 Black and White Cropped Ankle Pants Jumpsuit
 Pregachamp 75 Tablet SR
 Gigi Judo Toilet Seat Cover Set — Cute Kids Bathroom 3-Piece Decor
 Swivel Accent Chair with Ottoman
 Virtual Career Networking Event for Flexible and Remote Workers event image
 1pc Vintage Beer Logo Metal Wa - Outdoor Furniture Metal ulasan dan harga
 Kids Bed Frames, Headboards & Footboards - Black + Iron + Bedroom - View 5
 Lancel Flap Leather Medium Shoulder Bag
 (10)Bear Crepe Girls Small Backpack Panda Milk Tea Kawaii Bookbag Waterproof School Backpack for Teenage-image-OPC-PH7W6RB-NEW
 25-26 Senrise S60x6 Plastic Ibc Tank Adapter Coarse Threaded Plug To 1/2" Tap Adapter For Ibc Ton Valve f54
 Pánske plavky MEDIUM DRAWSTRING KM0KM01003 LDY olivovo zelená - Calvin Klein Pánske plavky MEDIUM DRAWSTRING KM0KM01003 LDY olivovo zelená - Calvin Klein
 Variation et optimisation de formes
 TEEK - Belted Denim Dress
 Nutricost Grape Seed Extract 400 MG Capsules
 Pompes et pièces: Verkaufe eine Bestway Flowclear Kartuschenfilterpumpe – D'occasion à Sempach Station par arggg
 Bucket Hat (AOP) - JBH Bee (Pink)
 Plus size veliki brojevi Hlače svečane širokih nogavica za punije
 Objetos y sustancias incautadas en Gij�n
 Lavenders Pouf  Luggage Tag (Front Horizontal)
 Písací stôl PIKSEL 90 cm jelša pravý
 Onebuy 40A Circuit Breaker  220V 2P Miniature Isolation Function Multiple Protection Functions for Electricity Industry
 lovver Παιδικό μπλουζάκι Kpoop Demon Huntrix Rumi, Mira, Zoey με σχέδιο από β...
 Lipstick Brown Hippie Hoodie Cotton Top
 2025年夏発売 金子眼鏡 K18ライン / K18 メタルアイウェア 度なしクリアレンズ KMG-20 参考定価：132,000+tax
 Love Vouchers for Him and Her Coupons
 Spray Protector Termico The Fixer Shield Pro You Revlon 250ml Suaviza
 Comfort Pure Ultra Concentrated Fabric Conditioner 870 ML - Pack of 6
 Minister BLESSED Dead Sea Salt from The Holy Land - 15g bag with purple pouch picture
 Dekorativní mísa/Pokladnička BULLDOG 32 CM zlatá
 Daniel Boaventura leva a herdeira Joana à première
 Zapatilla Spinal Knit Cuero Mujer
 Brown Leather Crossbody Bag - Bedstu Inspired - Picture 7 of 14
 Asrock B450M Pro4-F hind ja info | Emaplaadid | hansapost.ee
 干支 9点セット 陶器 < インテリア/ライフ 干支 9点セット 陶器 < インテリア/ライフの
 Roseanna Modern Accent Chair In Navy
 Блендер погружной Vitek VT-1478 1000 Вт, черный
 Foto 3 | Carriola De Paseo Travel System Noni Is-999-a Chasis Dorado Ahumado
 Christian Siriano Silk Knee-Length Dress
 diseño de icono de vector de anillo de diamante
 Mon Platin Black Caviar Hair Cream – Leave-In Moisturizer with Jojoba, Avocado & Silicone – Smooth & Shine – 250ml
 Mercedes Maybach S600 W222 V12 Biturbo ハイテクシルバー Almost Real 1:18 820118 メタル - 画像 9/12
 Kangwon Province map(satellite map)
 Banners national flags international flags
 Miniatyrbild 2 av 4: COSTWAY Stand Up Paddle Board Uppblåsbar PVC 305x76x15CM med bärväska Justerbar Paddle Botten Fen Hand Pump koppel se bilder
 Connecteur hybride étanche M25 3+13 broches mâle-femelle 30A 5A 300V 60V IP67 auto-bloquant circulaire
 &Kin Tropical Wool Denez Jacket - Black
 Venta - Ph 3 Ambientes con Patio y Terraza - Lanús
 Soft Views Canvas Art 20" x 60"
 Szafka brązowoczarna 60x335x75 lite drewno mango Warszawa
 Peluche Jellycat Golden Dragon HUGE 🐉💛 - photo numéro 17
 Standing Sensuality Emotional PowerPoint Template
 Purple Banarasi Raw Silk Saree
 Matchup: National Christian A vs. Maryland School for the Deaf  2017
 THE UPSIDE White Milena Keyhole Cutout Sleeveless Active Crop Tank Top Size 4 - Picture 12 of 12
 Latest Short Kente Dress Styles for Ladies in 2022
-------------------------
Work to complete: Everything from the line with "Блендер погружной Vitek" down to the last line of the data above should be returned exactly, with both ends kept and nothing added.

Written answer:
 Блендер погружной Vitek VT-1478 1000 Вт, черный
 Foto 3 | Carriola De Paseo Travel System Noni Is-999-a Chasis Dorado Ahumado
 Christian Siriano Silk Knee-Length Dress
 diseño de icono de vector de anillo de diamante
 Mon Platin Black Caviar Hair Cream – Leave-In Moisturizer with Jojoba, Avocado & Silicone – Smooth & Shine – 250ml
 Mercedes Maybach S600 W222 V12 Biturbo ハイテクシルバー Almost Real 1:18 820118 メタル - 画像 9/12
 Kangwon Province map(satellite map)
 Banners national flags international flags
 Miniatyrbild 2 av 4: COSTWAY Stand Up Paddle Board Uppblåsbar PVC 305x76x15CM med bärväska Justerbar Paddle Botten Fen Hand Pump koppel se bilder
 Connecteur hybride étanche M25 3+13 broches mâle-femelle 30A 5A 300V 60V IP67 auto-bloquant circulaire
 &Kin Tropical Wool Denez Jacket - Black
 Venta - Ph 3 Ambientes con Patio y Terraza - Lanús
 Soft Views Canvas Art 20" x 60"
 Szafka brązowoczarna 60x335x75 lite drewno mango Warszawa
 Peluche Jellycat Golden Dragon HUGE 🐉💛 - photo numéro 17
 Standing Sensuality Emotional PowerPoint Template
 Purple Banarasi Raw Silk Saree
 Matchup: National Christian A vs. Maryland School for the Deaf  2017
 THE UPSIDE White Milena Keyhole Cutout Sleeveless Active Crop Tank Top Size 4 - Picture 12 of 12
 Latest Short Kente Dress Styles for Ladies in 2022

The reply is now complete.